*WHAT IS EXPECTED*
Sift the listing for lines that hold the string "Opel" and pull them out.

*DATA SHOWN*
>>>>

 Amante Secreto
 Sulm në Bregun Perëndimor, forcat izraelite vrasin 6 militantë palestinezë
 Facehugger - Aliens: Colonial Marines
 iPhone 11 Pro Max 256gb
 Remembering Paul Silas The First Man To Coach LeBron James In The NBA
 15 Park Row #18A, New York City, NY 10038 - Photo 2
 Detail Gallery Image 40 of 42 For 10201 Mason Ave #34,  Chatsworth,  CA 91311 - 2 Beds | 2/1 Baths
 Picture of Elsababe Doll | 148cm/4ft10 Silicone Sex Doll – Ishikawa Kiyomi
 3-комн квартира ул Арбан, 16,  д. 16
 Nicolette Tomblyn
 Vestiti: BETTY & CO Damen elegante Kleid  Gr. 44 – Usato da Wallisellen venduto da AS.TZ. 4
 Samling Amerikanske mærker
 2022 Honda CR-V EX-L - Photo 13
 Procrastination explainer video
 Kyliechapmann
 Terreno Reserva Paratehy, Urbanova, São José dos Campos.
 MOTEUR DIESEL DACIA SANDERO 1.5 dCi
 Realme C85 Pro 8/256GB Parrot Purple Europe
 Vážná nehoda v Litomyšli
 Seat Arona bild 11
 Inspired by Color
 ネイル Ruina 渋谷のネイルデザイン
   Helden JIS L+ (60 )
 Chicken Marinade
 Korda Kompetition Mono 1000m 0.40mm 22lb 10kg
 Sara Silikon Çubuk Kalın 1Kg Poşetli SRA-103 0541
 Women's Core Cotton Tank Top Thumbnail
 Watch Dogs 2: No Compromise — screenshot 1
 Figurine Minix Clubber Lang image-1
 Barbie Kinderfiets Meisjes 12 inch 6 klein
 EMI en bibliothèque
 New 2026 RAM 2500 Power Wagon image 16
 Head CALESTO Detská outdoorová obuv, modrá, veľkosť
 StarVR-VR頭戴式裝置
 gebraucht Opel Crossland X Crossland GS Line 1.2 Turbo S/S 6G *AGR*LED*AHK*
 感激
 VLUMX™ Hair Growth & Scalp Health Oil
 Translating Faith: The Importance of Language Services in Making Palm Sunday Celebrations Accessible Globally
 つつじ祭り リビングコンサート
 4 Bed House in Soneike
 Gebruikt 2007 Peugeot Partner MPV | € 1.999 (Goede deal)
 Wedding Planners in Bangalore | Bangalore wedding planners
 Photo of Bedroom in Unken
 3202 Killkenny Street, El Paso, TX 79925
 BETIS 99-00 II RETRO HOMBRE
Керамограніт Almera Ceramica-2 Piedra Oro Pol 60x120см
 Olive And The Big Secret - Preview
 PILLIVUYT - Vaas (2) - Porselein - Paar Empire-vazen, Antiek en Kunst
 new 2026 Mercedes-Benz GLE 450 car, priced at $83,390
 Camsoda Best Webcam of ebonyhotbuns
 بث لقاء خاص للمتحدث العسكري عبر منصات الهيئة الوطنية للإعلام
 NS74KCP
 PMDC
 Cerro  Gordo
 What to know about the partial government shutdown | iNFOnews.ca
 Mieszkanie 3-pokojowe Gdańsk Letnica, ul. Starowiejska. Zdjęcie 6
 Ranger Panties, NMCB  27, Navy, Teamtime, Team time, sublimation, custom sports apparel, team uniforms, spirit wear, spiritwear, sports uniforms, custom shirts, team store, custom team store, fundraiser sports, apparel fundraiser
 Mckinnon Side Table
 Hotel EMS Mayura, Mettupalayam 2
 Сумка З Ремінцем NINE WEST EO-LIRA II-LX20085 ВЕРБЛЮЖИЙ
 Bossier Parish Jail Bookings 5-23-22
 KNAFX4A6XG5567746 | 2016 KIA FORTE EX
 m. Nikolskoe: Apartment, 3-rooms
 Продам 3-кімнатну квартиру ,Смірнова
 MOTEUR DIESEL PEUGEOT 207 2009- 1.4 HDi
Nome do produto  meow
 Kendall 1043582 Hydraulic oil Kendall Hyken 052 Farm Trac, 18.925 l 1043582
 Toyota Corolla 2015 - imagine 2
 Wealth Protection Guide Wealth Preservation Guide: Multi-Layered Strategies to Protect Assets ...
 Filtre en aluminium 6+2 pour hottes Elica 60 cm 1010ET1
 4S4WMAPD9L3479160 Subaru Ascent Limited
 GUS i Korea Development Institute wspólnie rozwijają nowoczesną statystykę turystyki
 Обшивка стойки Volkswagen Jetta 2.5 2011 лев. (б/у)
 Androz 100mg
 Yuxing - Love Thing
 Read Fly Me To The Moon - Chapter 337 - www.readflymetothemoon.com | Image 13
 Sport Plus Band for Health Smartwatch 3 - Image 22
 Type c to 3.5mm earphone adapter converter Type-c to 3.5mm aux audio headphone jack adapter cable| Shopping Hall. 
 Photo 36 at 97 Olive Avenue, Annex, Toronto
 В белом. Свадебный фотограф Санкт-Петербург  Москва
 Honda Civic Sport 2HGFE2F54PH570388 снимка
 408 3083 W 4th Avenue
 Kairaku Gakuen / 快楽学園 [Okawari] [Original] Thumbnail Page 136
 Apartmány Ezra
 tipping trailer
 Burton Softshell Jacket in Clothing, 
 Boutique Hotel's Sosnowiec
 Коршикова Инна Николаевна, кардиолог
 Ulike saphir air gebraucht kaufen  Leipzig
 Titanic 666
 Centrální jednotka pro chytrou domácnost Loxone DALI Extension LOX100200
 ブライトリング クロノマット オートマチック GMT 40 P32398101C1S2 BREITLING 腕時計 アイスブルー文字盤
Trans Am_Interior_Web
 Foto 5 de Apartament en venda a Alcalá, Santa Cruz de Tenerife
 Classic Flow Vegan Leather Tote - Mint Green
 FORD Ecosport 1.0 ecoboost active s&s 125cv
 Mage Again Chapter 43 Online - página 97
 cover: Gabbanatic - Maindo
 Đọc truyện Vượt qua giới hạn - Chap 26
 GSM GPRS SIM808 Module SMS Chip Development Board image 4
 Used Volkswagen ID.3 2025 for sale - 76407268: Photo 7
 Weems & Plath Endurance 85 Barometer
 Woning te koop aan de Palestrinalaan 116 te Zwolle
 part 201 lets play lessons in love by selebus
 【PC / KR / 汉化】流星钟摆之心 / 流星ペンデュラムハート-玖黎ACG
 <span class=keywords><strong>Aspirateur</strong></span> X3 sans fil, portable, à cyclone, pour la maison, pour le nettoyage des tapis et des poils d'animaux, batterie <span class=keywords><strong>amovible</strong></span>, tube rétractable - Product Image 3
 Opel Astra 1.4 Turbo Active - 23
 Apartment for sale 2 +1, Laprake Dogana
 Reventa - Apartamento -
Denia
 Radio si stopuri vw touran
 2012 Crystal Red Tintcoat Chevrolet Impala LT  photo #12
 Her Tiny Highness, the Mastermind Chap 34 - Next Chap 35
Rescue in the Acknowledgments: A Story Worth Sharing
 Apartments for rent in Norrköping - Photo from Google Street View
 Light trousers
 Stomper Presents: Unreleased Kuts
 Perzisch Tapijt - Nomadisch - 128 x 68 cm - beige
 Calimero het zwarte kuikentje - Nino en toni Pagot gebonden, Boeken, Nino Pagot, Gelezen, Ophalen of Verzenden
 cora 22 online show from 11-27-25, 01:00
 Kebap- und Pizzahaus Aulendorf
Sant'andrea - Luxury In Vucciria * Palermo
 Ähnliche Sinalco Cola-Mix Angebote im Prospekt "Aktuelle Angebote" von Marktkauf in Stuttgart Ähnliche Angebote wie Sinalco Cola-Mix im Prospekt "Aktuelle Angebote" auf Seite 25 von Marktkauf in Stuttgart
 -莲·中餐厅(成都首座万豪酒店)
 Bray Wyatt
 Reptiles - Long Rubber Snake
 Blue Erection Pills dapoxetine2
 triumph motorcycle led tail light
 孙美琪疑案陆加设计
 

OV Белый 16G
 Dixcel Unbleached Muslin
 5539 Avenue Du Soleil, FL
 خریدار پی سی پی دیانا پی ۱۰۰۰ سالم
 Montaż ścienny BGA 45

<<<<

*RESPONSE BOX*
 gebraucht Opel Crossland X Crossland GS Line 1.2 Turbo S/S 6G *AGR*LED*AHK*
 Opel Astra 1.4 Turbo Active - 23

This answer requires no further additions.